Research addresses inherent challenges of mitigating algal blooms amid climate change
As global warming and rising carbon dioxide (CO2) concentrations spread across the globe, climate change is a growing factor in the rise of harmful algal blooms (HABs). Ingestion of, and aerosol exposure from, water containing cyanotoxin, a harmful toxin produced by cyanobacteria, is associated with several chronic conditions including gastroenteritis, nonalcoholic fatty liver disease and neurodegenerative diseases.
Professor and chair Jiyoung Lee, PhD, in the Division of Environmental Health Sciences, College of Public Health and co-director of The Ohio State University Infectious Diseases Institute’s Ecology Epidemiology and Population Health Program, researches how and when bacteria like cyanobacteria become out of balance and produce toxins that affect animals, humans and plants. Dr. Lee also focuses on how extreme weather events, rainfall patterns and warmer temperatures lead to the creation of microcystins, or blue-green algae, a class of toxins produced by cyanobacteria. Her lab also developed a clean and sustainable method, autonomous aquadrone with a UV-C LED system, for treating cyanobacteria and their toxins in water on-site.
“Microcystins are a primary liver toxin that causes liver toxicity and promotes cancer,” Dr. Lee says. “They are water soluble with stable cyclic peptide structure and once ingested travel to the liver and some remain in the blood stream.”

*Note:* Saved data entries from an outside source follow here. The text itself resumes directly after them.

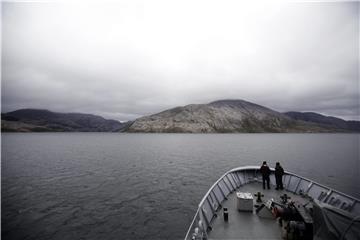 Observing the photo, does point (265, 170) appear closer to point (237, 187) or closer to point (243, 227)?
point (237, 187)

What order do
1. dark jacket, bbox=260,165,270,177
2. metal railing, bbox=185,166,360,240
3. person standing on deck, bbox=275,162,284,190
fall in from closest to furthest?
metal railing, bbox=185,166,360,240 < person standing on deck, bbox=275,162,284,190 < dark jacket, bbox=260,165,270,177

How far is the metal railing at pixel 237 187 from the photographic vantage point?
928 cm

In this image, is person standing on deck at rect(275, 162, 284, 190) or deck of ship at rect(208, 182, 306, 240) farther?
person standing on deck at rect(275, 162, 284, 190)

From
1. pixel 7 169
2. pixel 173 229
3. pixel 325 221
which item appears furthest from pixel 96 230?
pixel 7 169

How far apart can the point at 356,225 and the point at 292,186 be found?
1136cm

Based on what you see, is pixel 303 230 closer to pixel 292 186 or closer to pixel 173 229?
pixel 292 186

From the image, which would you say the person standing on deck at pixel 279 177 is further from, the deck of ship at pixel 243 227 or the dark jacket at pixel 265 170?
the deck of ship at pixel 243 227

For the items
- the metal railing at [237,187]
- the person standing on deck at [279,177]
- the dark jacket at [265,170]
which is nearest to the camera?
the metal railing at [237,187]

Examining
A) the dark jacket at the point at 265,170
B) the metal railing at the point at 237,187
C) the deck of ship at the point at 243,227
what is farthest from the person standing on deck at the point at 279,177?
the deck of ship at the point at 243,227

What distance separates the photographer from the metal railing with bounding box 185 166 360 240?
9.28 metres

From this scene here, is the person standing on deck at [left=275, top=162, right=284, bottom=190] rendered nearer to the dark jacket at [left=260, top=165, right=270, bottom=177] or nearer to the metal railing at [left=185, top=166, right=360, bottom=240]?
the metal railing at [left=185, top=166, right=360, bottom=240]

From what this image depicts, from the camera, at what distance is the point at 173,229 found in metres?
16.1

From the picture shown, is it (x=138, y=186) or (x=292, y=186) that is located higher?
(x=292, y=186)

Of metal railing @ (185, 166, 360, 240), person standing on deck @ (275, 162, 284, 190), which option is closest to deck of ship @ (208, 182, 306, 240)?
metal railing @ (185, 166, 360, 240)
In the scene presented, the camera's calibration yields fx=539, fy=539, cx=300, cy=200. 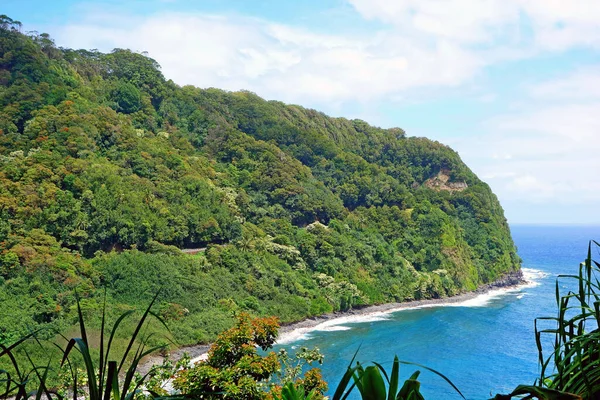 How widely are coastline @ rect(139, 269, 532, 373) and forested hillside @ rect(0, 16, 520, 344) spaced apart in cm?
58

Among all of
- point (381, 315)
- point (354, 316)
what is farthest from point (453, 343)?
point (354, 316)

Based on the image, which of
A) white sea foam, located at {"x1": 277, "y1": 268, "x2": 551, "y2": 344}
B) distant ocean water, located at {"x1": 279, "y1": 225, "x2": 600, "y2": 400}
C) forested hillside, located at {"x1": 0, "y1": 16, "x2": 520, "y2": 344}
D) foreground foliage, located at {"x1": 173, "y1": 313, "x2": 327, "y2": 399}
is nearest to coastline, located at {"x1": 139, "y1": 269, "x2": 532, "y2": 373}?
white sea foam, located at {"x1": 277, "y1": 268, "x2": 551, "y2": 344}

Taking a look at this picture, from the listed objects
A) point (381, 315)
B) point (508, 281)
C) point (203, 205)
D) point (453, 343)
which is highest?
point (203, 205)

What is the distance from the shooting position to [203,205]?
30531 mm

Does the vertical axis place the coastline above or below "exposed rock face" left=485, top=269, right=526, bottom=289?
below

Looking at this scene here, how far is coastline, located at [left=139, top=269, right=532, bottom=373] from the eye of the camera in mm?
21016

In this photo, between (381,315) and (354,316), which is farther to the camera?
(381,315)

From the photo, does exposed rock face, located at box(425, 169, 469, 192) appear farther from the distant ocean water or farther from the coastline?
the distant ocean water

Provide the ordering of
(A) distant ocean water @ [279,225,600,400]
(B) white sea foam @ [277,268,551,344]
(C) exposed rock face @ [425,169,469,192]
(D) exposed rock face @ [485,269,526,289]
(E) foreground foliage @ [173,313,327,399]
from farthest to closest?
(C) exposed rock face @ [425,169,469,192]
(D) exposed rock face @ [485,269,526,289]
(B) white sea foam @ [277,268,551,344]
(A) distant ocean water @ [279,225,600,400]
(E) foreground foliage @ [173,313,327,399]

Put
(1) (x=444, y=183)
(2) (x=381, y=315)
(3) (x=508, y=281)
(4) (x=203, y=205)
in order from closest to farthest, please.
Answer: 1. (2) (x=381, y=315)
2. (4) (x=203, y=205)
3. (3) (x=508, y=281)
4. (1) (x=444, y=183)

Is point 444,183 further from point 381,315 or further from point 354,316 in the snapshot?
point 354,316

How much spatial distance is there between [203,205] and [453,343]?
15144 mm

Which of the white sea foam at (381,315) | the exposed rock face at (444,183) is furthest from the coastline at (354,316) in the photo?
the exposed rock face at (444,183)

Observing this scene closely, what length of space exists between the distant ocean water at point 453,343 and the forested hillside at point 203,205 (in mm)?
2872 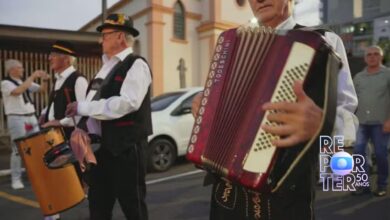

Dr. Lee says that data collected in their research showed that non-alcoholic liver disease mortality increased by 3% at population level with each 10% increase in alga blooms in the US. In addition, in data between 2005 – 2016, there was an increased liver cancer incidence rate for those served with bloom-affected drinking water sources when compared with the control population in Ohio.
Some cyanobacteria also produce neurotoxins, and more well-designed epidemiological studies are needed. “We need to address this through monitoring water toxicity levels and increasing mitigation efforts,” Dr. Lee says. “HABs seem to have the most long-term carry-over effect on Parkinson’s disease, so a focus on their role in increasing neurodegenerative disease is a must.”
One way she’ll direct this focus is by working with a fellow research, Kymberly Gowdy, PhD, associate professor in the Division of Pulmonary Critical Care and Sleep Medicine and other colleagues at The Ohio State University College of Medicine, to expand research of cyanotoxin exposure through the nasal passageway that causes systemic inflammation. It will include an examination of how lake spray is a growing issue in the spread of toxins through the air.
These findings will develop a deeper understanding of the local and global impact of cyanobacterial blooms on ecosystems, water quality, and human and animal health.